• _What is expected_
Restate word for word only the lines running from the one with "전체 재료가 잘 익으면 간을 맞추고 완성된 찌개를 그릇에 담아냅니다." to the end of the data, both ends included. Omit any pictures.

• _Crawled caption data_

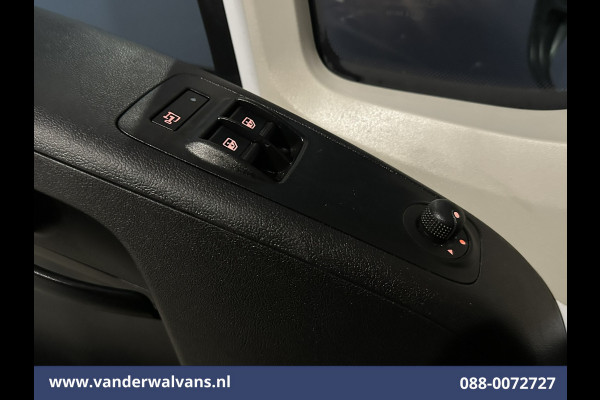 Opel Movano 2.2D 120pk L2H2 Euro6 Airco | 2500kg Trekhaak | Apple Carplay | Cruisecontrol Android Auto | Bijrijdersbank Parkeersensoren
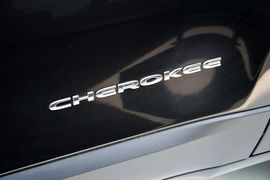 2014款Jeep自由光2.4L豪华版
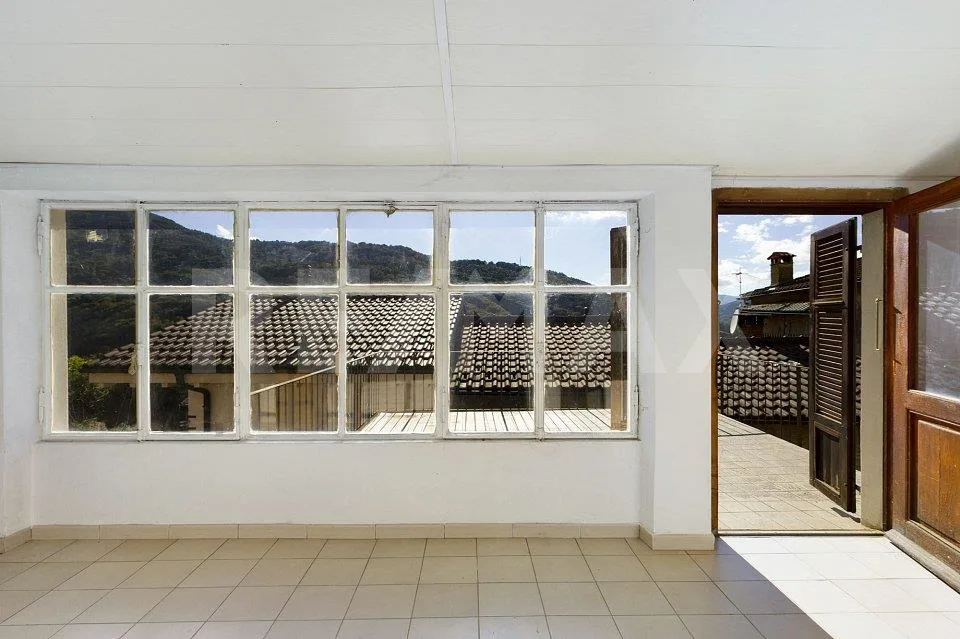 Rustico nel nucleo, con vista e garage doppio, Val Colla, come resi...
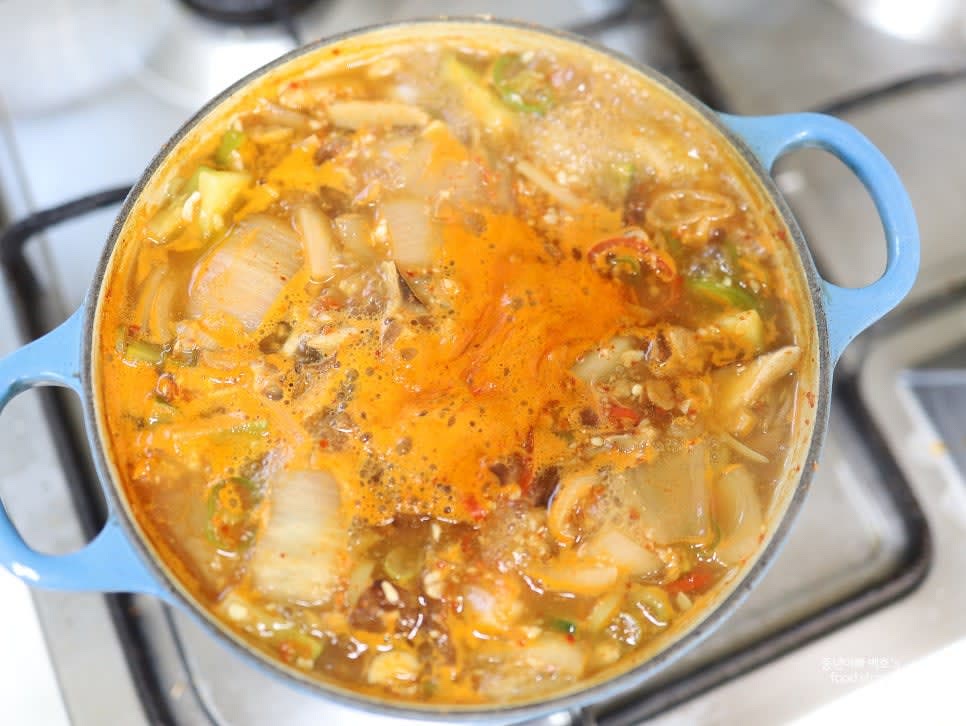 전체 재료가 잘 익으면 간을 맞추고 완성된 찌개를 그릇에 담아냅니다.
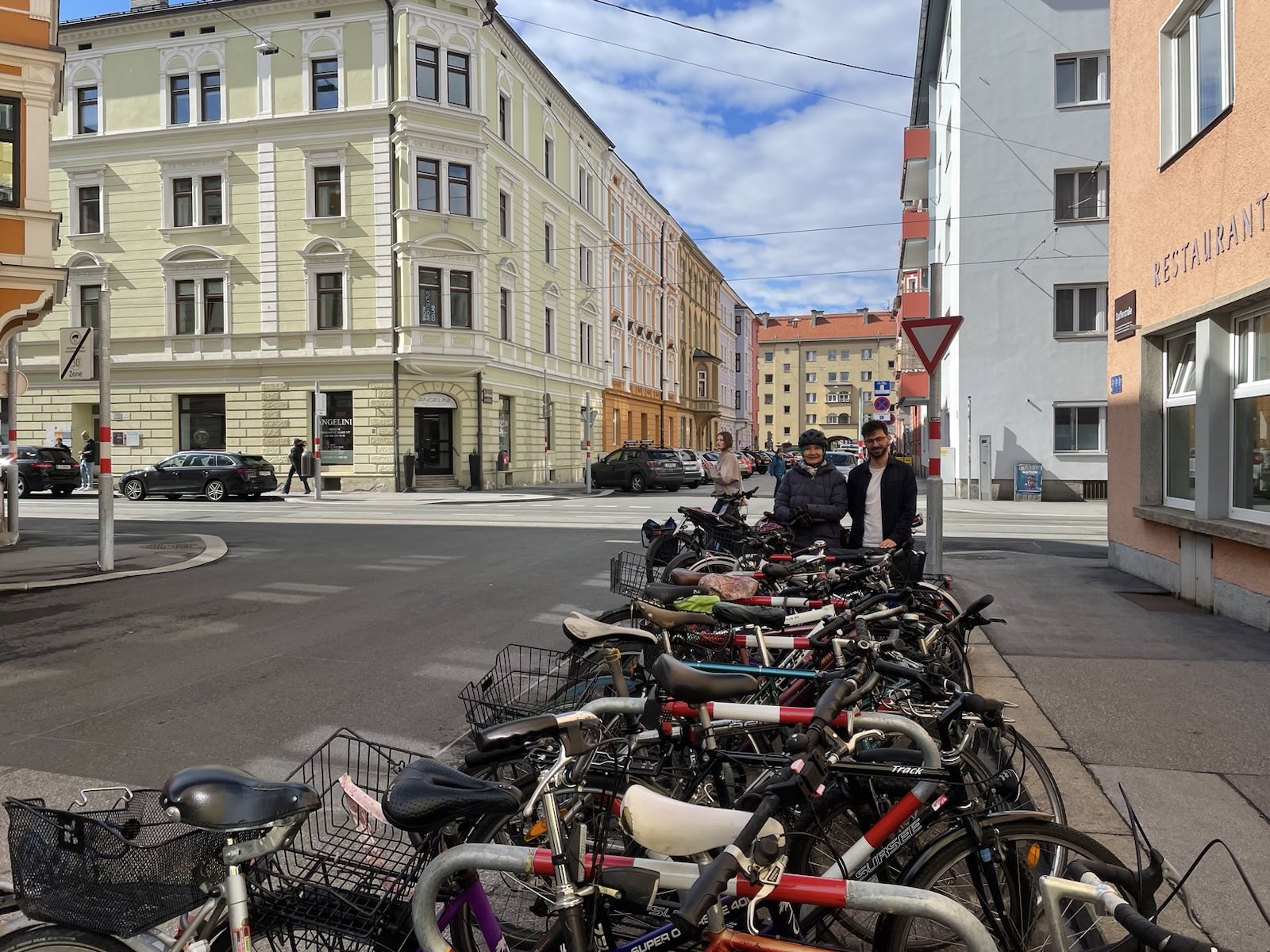 Die Abstellanlagen vor der SOS-Kinderdorf-Zentrale werden bereits gut verwendet.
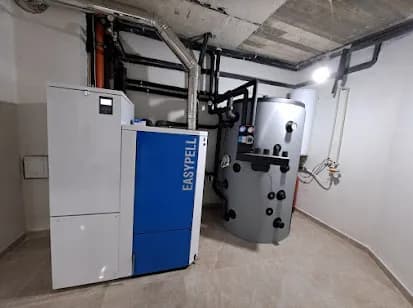 Пелетен котел Easypell с буфер Pelleaqua 800 л, солар и подово отопление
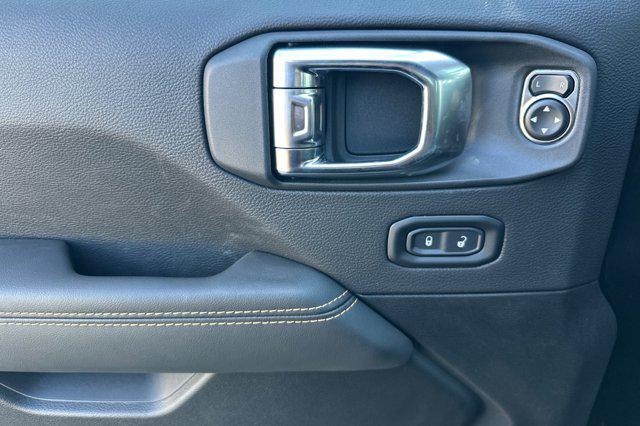 new 2025 Jeep Wrangler car, priced at $98,185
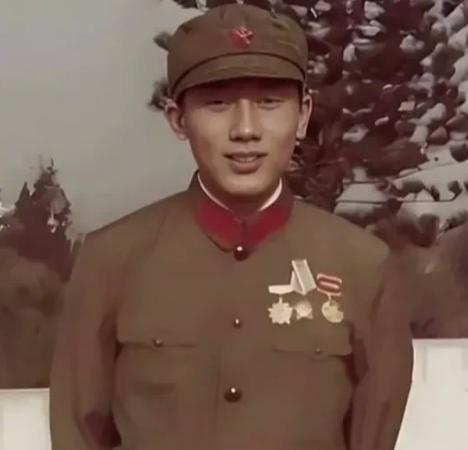 越作战中唯一的香港兵，一件事感动亿万国人！在1979年对越反击战时，解放军中有唯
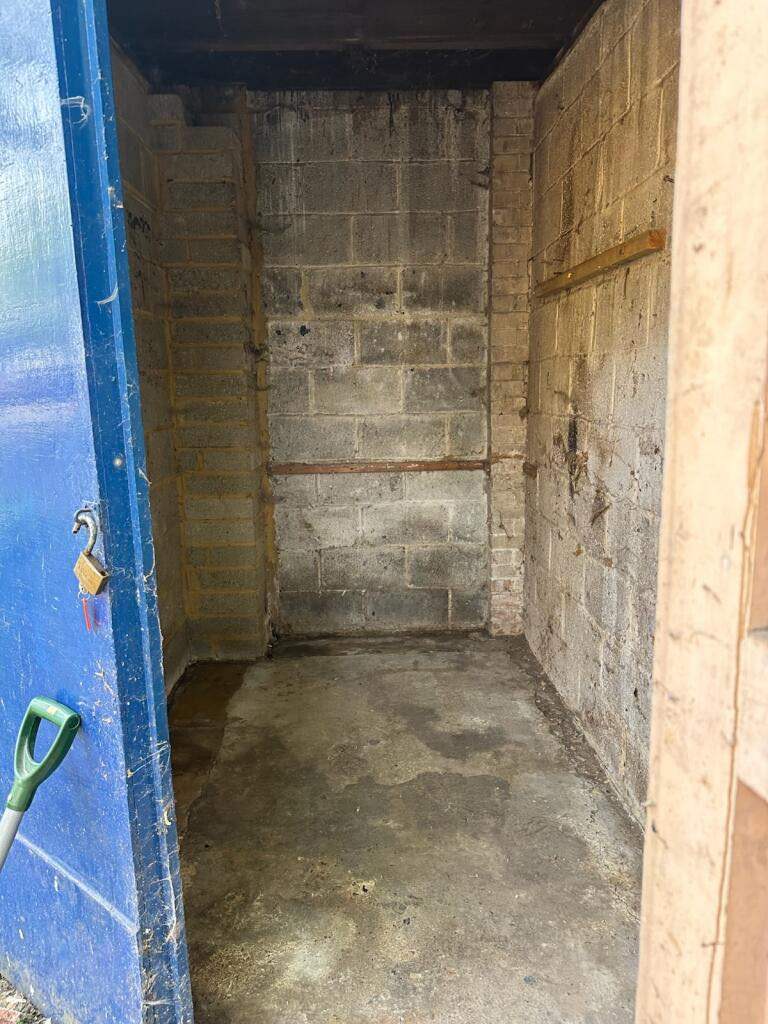 Storage unit to let in Morden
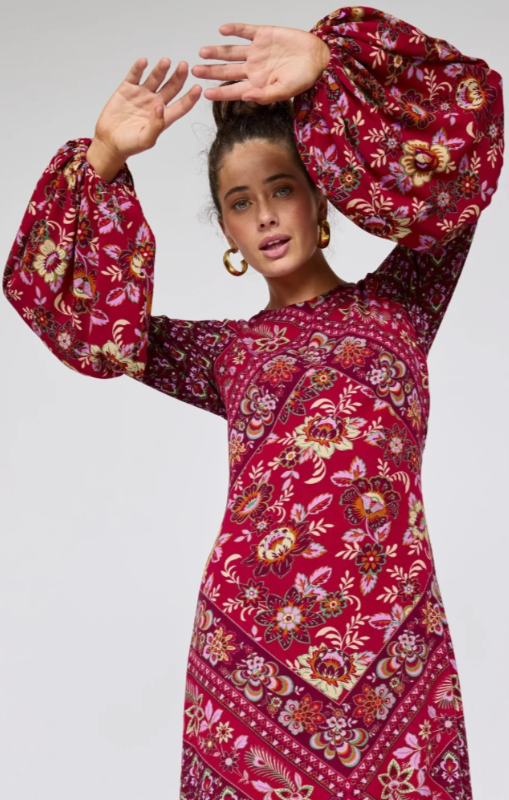 Nine lives bazaar quartz gown pomegranate princess bazaar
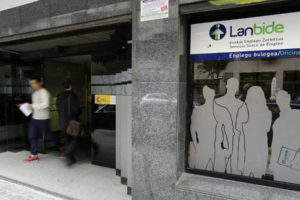 Prestaciones sociales: Lanbide ha abierto el frente de la ejecución contra las personas deudoras por pagos indebidos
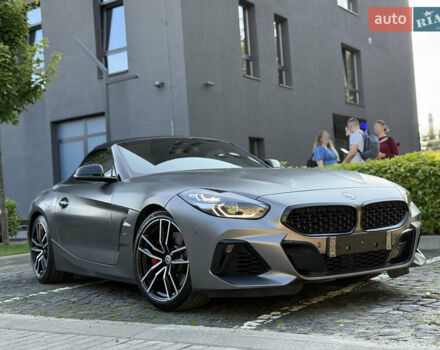 Серый БМВ Зет 4, объемом двигателя 3 л и пробегом 19 тыс. км за 49900 $, фото 1 на Automoto.ua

• _Your response_
 전체 재료가 잘 익으면 간을 맞추고 완성된 찌개를 그릇에 담아냅니다.
 Die Abstellanlagen vor der SOS-Kinderdorf-Zentrale werden bereits gut verwendet.
 Пелетен котел Easypell с буфер Pelleaqua 800 л, солар и подово отопление
 new 2025 Jeep Wrangler car, priced at $98,185
 越作战中唯一的香港兵，一件事感动亿万国人！在1979年对越反击战时，解放军中有唯
 Storage unit to let in Morden
 Nine lives bazaar quartz gown pomegranate princess bazaar
 Prestaciones sociales: Lanbide ha abierto el frente de la ejecución contra las personas deudoras por pagos indebidos
 Серый БМВ Зет 4, объемом двигателя 3 л и пробегом 19 тыс. км за 49900 $, фото 1 на Automoto.ua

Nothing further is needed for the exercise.